🇺🇸 DERNIÈRE MINUTE : Bessent vient de défier les traders de parier contre le yen, et il y a une tournure folle : il y a 34 ans, il a aidé Soros à faire exactement cela sur une autre devise et a remporté 1 milliard de dollars.
En s’exprimant mardi à l’Université Southern Methodist, le secrétaire au Trésor n’a pas mâché ses mots : « Je suis la maison maintenant, donc quand nous intervenons sur le yen japonais, j’ai une très bonne idée de ce que feront les Japonais, de ce que fera la Banque du Japon, de ce que feront les responsables japonais. »

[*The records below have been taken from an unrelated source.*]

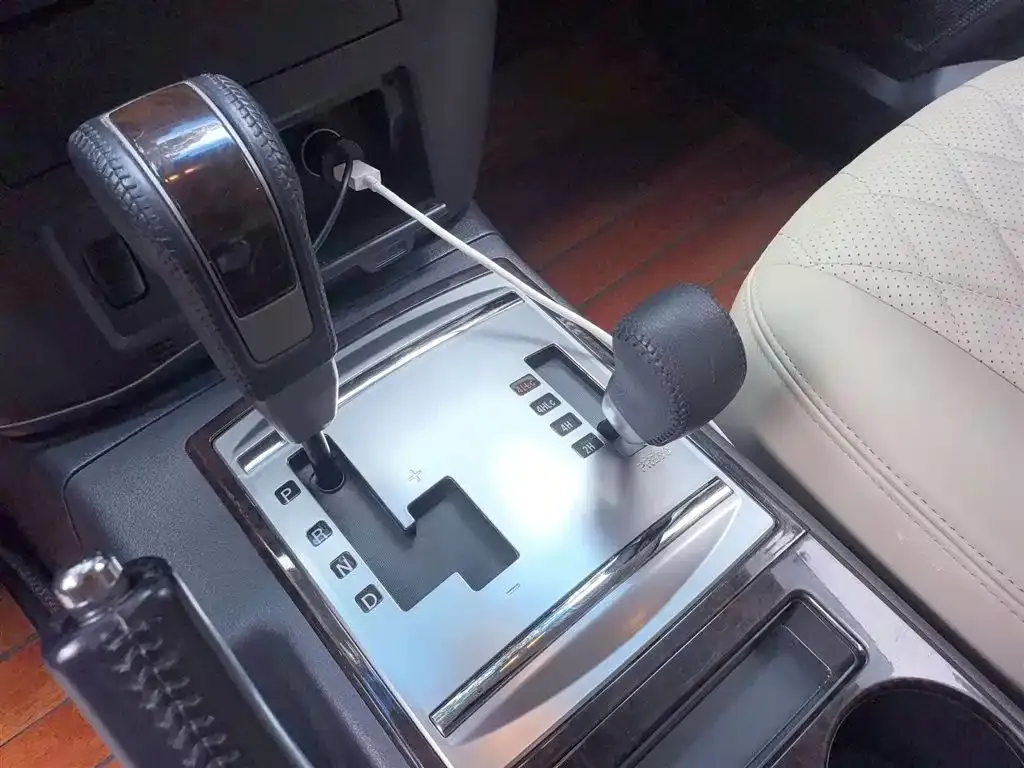 Mitsubishi Pajero (Import) 2025 из CN, фото 4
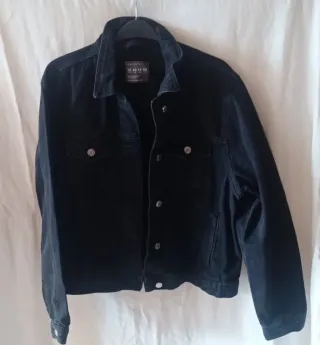 chico,tejanos y chaqt tejana negra Talla M,5€ unid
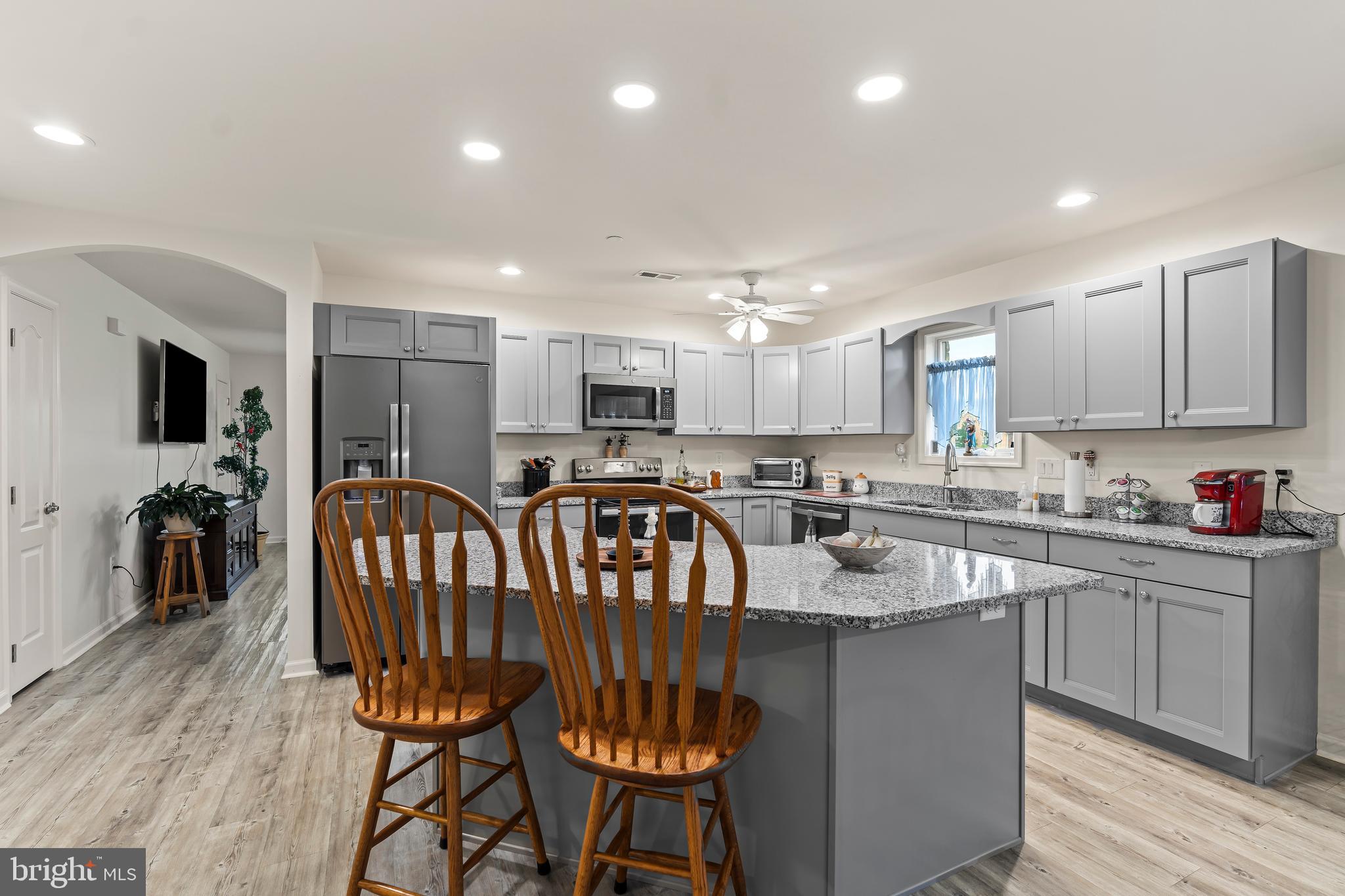 EMERALD POINTE - Residential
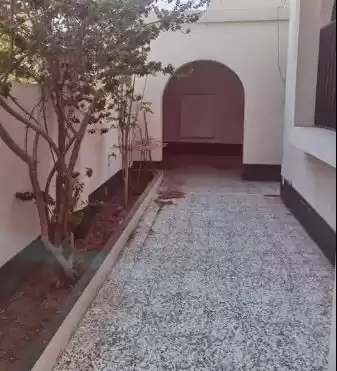 Wohn Klaar eigendom 5 + Zimmermädchen S/F Alleinstehende Villa  zu vermieten in Al-Manama #26719 - 1  image 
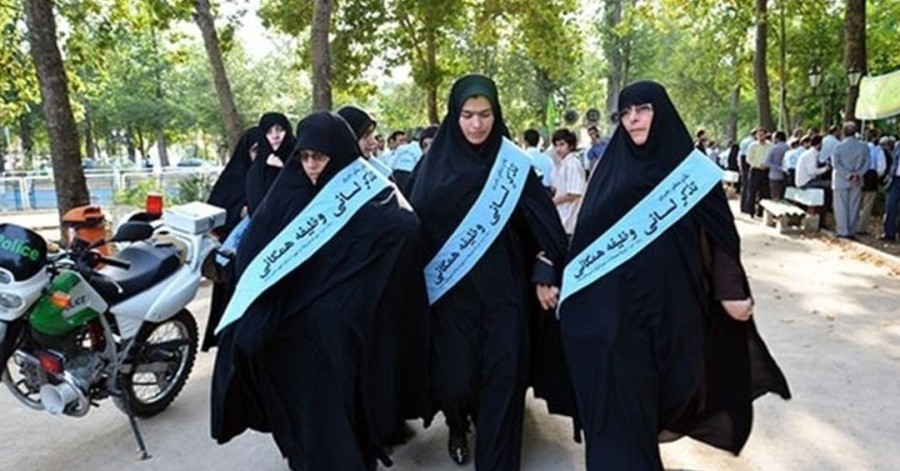 بسیجی‌ها برای مقابله با بی‌حجابی مانور برگزار کردند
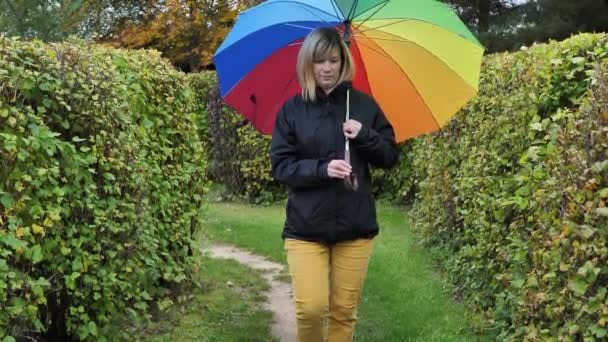 Vrouw Met Een Paraplu Een Regenboogkleur Het Meisje Liep Het — Stockvideo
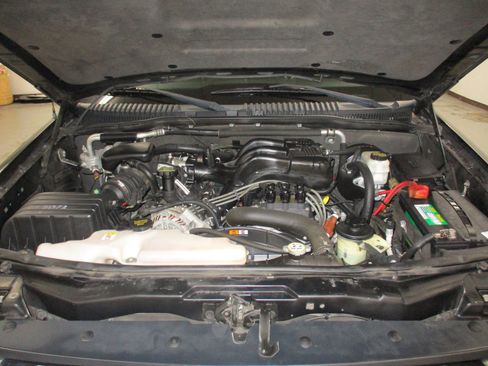 Used 2010 Ford Explorer XLT image 10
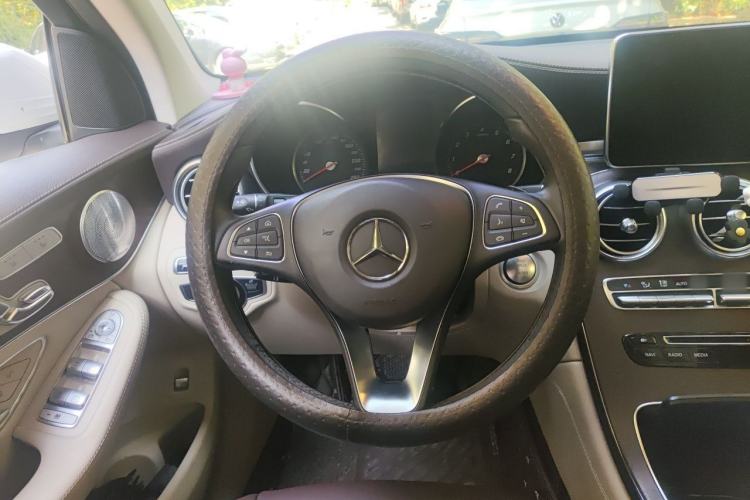 Used Mercedes-Benz GLC 2016 GLC 300 4MATIC Luxury Model Steering Wheel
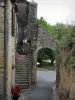 利默伊 - 中世纪村庄（中世纪城市）的门和房子，在佩里戈尔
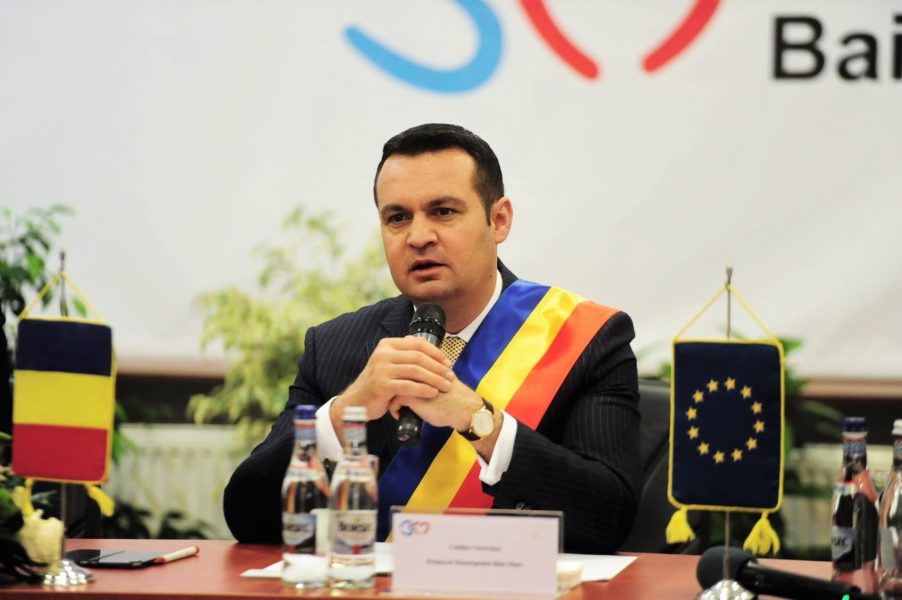 Primarul din Baia Mare a fugit din țară cu actele unei rude Primarul din Baia Mare a fugit din țară cu actele unei rude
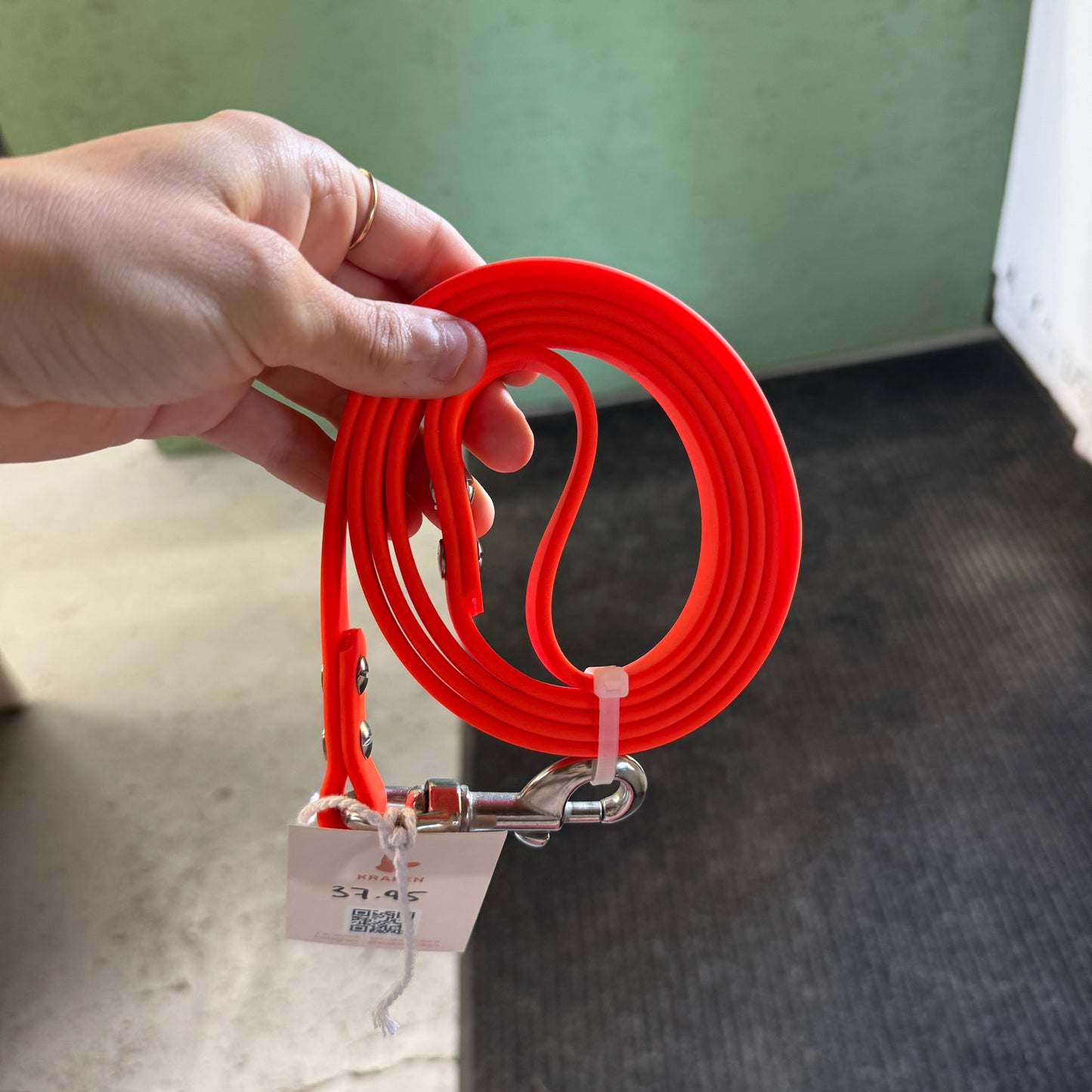 5-foot Neon Orange Standard Leash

Puis le défi : « Et vous pouvez parier contre moi si vous le souhaitez. »
Interrogé sur la raison pour laquelle il dirait publiquement quelque chose d’aussi audacieux, Bessent n’a pas esquivé : « L’avantage que j’ai, c’est une information asymétrique. »
Voici ce qui rend cela crédible plutôt que de la simple fanfaronnade. Le 31 juillet, les États-Unis et le Japon ont mené leur première intervention coordonnée d’achat de yens en près de trois décennies. Le ministère des Finances japonais a confirmé qu’il a dépensé un montant record de 15,4 billions de yens, soit environ 98 milliards de dollars, pour défendre la devise entre le 30 juillet et le 26 août. Résultat : le USD/JPY est passé d’au-dessus de 163 en juillet à 153,96 au 8 septembre, un mouvement réel et durable.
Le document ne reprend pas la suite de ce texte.